If you think that, you’re not the first person to do so. For this reason, the registers have two different names. $4 is also called a0, $5 is a1, $6 is a2 and $7 is a3. As well as this, $2 is v0 (and $3, if you use it) is v1.
This means that we could write our humble program as follows:
.text
.global __start__start:
li $a0, 48
li $v0, 4001
syscall
Which looks a bit nicer :)
So let’s try another call. This time writing to the screen. The first file tells us we need interrupt code 4004 (__NR_write). The second file says the following in line 568–569
asmlinkage long sys_write(unsigned int fd, const char __user *buf, size_t count);The first argument, fd, is the file discriptor. Stdout is ‘0’. The second argument is the address of a character — the first character of the string. The third argument is the length of the string (in bytes). So we can write the following program:
.data
mystring: .asciiz "Hello World!\n".text
.global __start__start:
li $a0, 0
la $a1, mystring
li $a2, 13
li $v0, 4004
syscall
li $a0, 3
li $v0, 4001
syscall
It just remains to assemble and link and run the program:
as 002.s -o 002.o
ld 002.o -o 002
./002 # prints "Hello World!"
echo $? # prints "3"Can I use words for the syscall numbers?

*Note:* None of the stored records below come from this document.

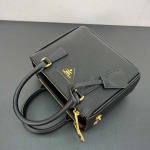2025年4月29日入荷新作 PRADA mini1BA90620x 15x 9.5cm/XX工場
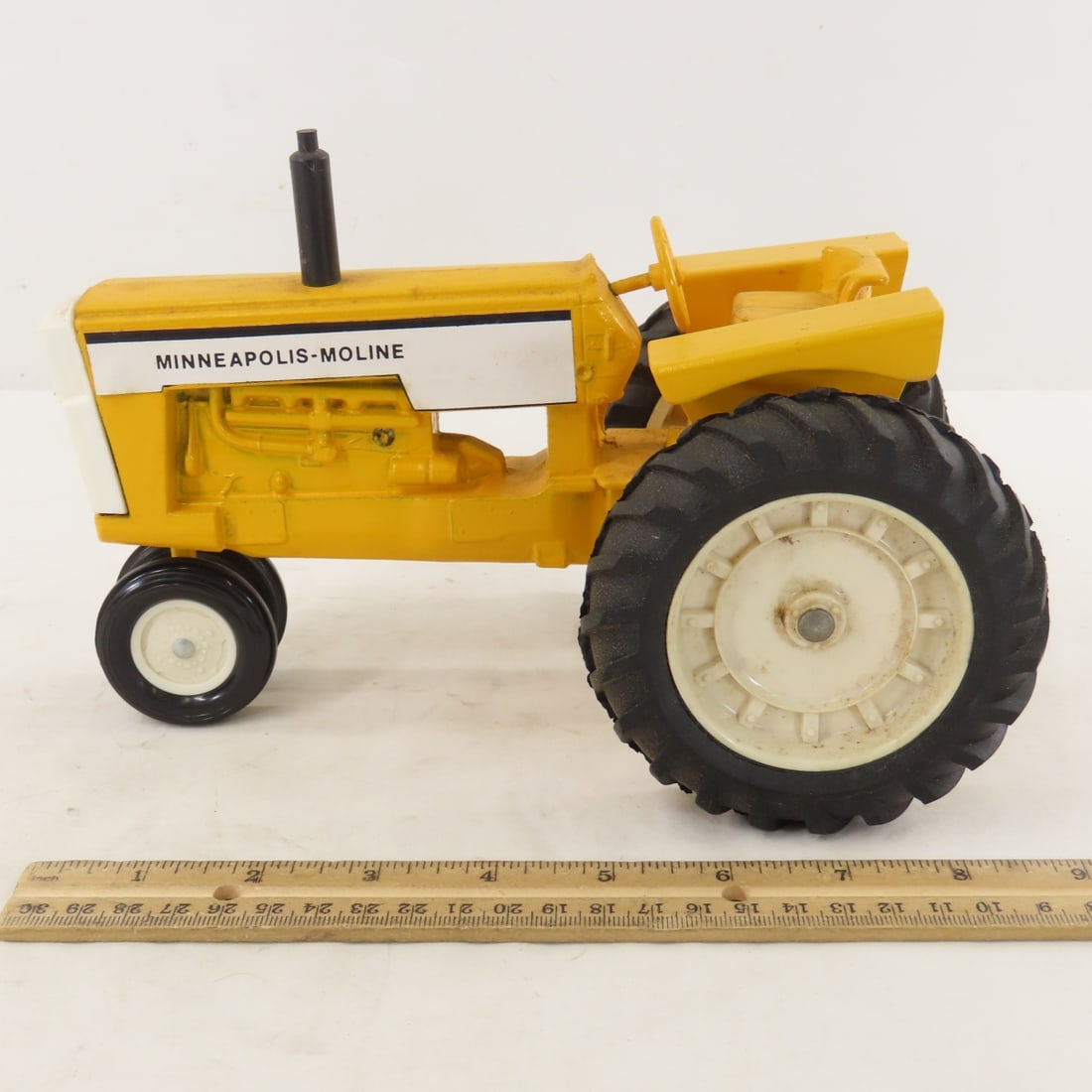 ERTL White Minneapolis-Moline NF Tractor - 2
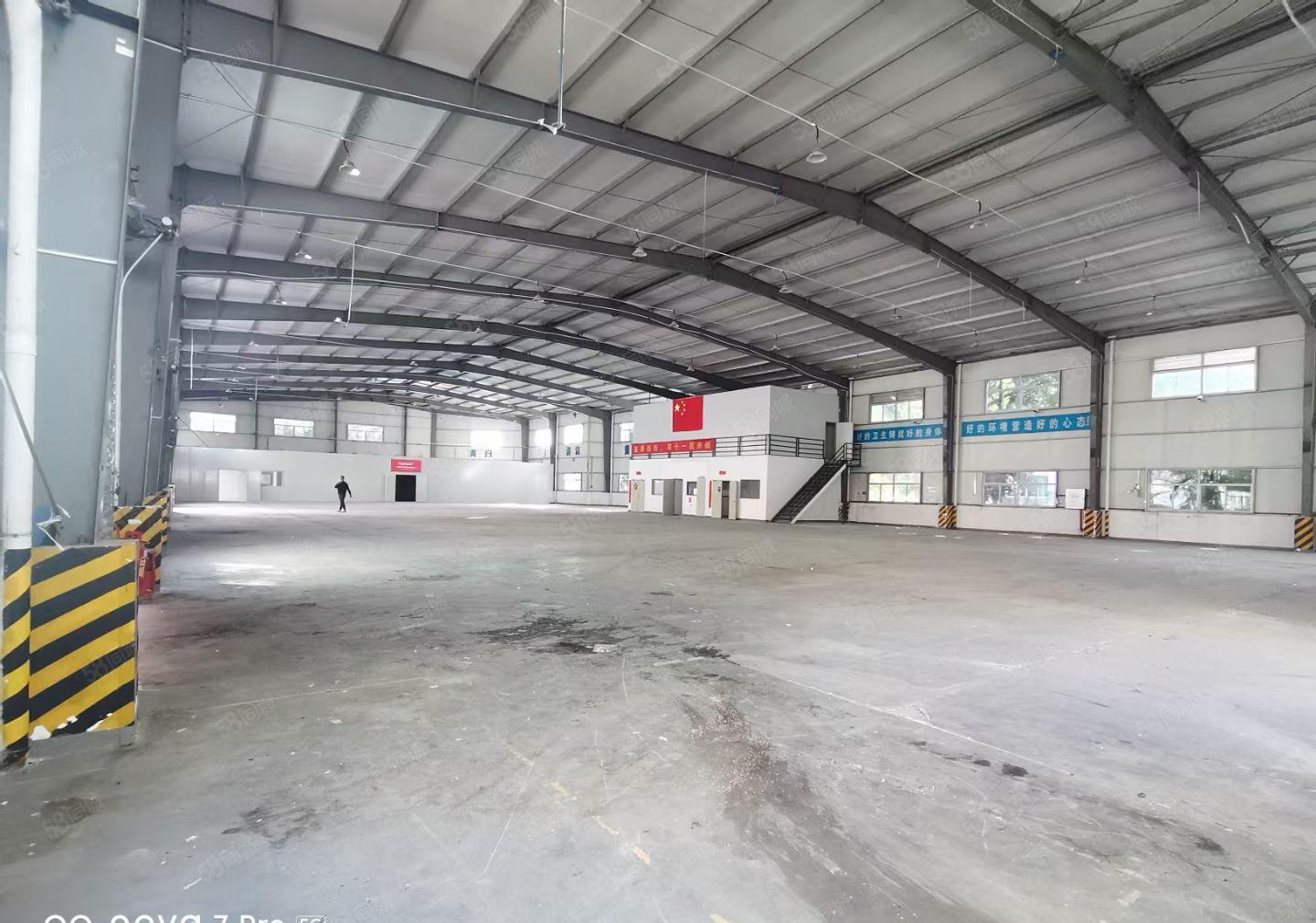 龙华清湖地铁站原房东一楼2000平钢构层高8米厂房出租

Yes, you can. The easy way is to use the preprocessor from gcc. The code will then look like this:
#include <regdef.h>
#include <sys/syscall.h>.data
mystring: .asciiz "Hello World!\n"
length: .word 13.text
.global __start__start:
li a0, 1
la a1, mystring
lw a2, length
li v0, SYS_write
syscall
li a0, 6
li v0, SYS_exit
syscall
To get gcc to preprocess a file, you have to name it <filename>.S and not <filename>.s (note the capital S).
Preprocessing, assembling, linking and running the file would then look like this:
gcc -S 003.S > 003.s
as 003.s -o 003.o
ld 003.o -o 003
./003 # prints "Hello World!"There may be a way to do all this with just one gcc command, but I haven’t found it yet. When I try gcc 003.s the executable doesn’t call SYS_write.